*Source data:*
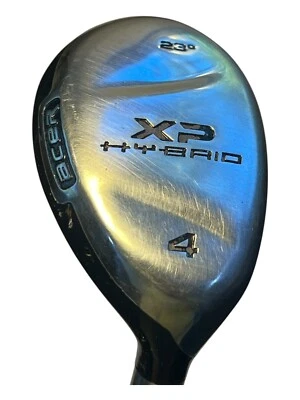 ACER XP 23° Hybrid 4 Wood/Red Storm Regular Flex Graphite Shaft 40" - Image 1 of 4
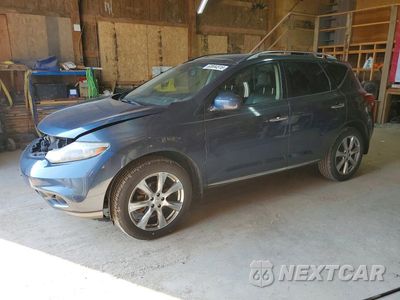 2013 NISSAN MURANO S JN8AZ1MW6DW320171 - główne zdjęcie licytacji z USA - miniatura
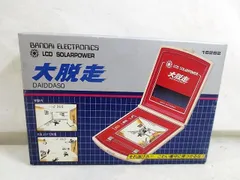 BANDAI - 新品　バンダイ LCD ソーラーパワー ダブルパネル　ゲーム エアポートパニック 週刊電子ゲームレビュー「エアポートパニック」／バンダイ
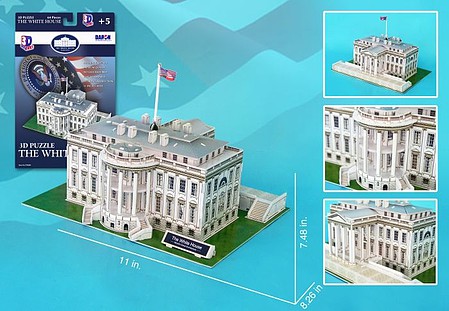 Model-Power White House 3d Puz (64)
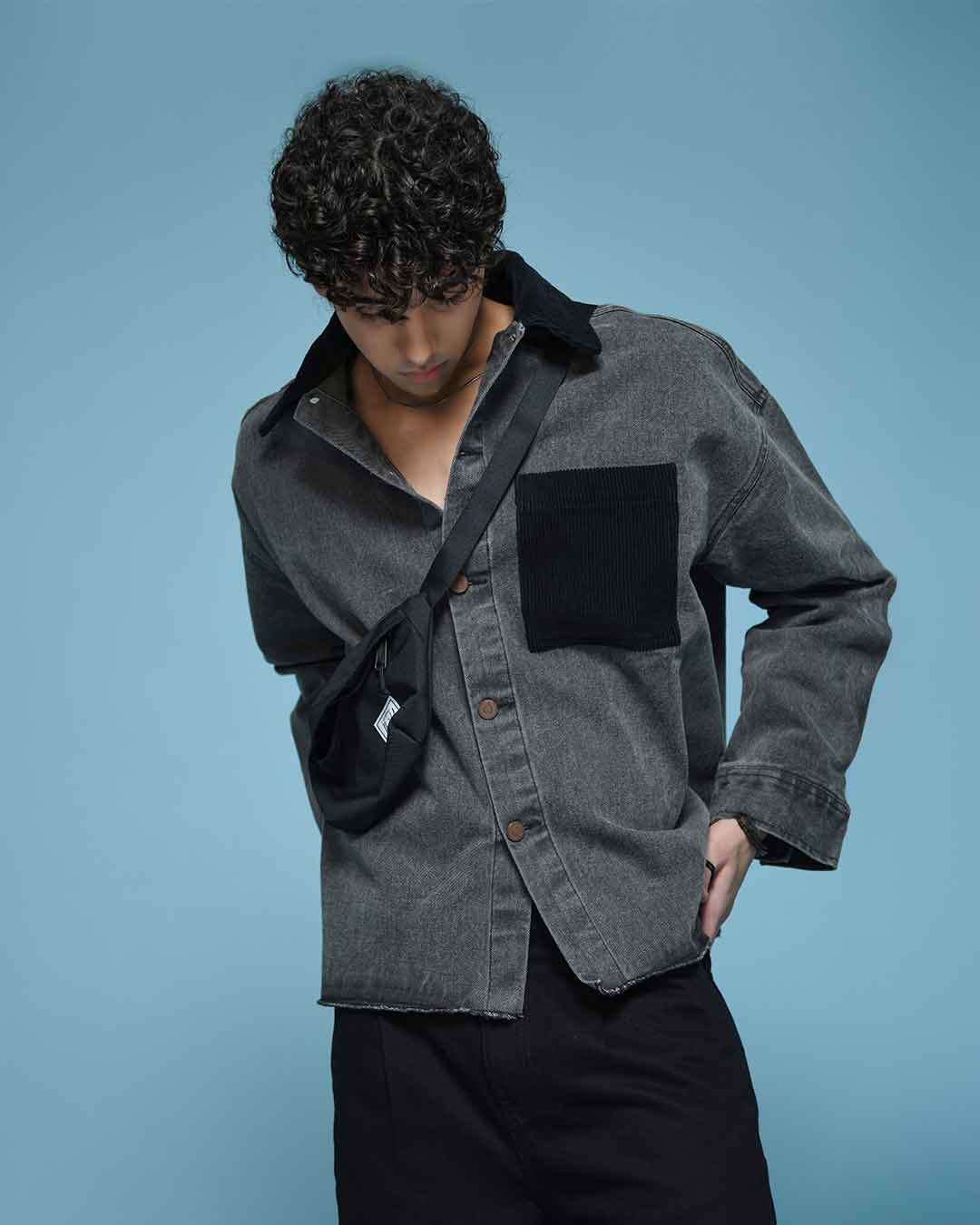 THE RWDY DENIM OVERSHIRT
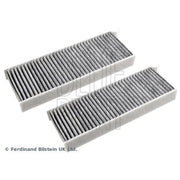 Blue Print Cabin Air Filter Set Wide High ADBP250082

*Work to complete:* Any picture in the listing is to be omitted. Return exactly the lines from the one containing "Model-Power White House 3d Puz (64)" through its last line, both included, and only those.

*Exercise answer:*
 Model-Power White House 3d Puz (64)
 THE RWDY DENIM OVERSHIRT
 Blue Print Cabin Air Filter Set Wide High ADBP250082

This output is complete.